Jun 23, 2014 - About 71% of people in Australia support the current level of the country’s renewable energy target (RET) and even want it to be increased, a survey by The Climate Institute shows.
In a similar poll in 2013 some 69% supported the current or a higher goal. The RET now stands at some 41,000 GWh of renewables power in 2020, which is estimated to represent 20% of Australia's total electricity needs at the end of the decade.
At present, Australia’s renewables sector is waiting for the results of an ongoing review of the RET programme.

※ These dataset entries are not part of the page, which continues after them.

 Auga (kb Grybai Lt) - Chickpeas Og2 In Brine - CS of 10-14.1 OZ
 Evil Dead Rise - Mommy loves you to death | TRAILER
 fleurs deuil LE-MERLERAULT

According to the Climate Institute’s latest poll, conducted by JWS Research, about 60% of Australia’s residents back an increased target. Only 9% of those polled support a reduction of the target or its abandoning, while one in five people could not respond. Some 80% said they preferred renewable energy to electricity coming from coal, gas and nuclear power plants.

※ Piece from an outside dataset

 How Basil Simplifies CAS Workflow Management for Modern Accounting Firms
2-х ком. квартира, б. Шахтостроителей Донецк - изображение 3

The full results from the survey, which included 1,145 participants, are to be officially presented on Monday.
Bloomberg New Energy Finance (BNEF) warned in May that the reduction of the RET in Australia may lead to an AUD-12-billion (USD 11.3bn/EUR 8.3bn) drop in investment in the sector and 6,600 fewer renewable energy jobs per year. If the RET is abandoned altogether, clean energy investment is expected to fall by AUD 21 billion and the number of clean energy jobs per year will go down by 11,100.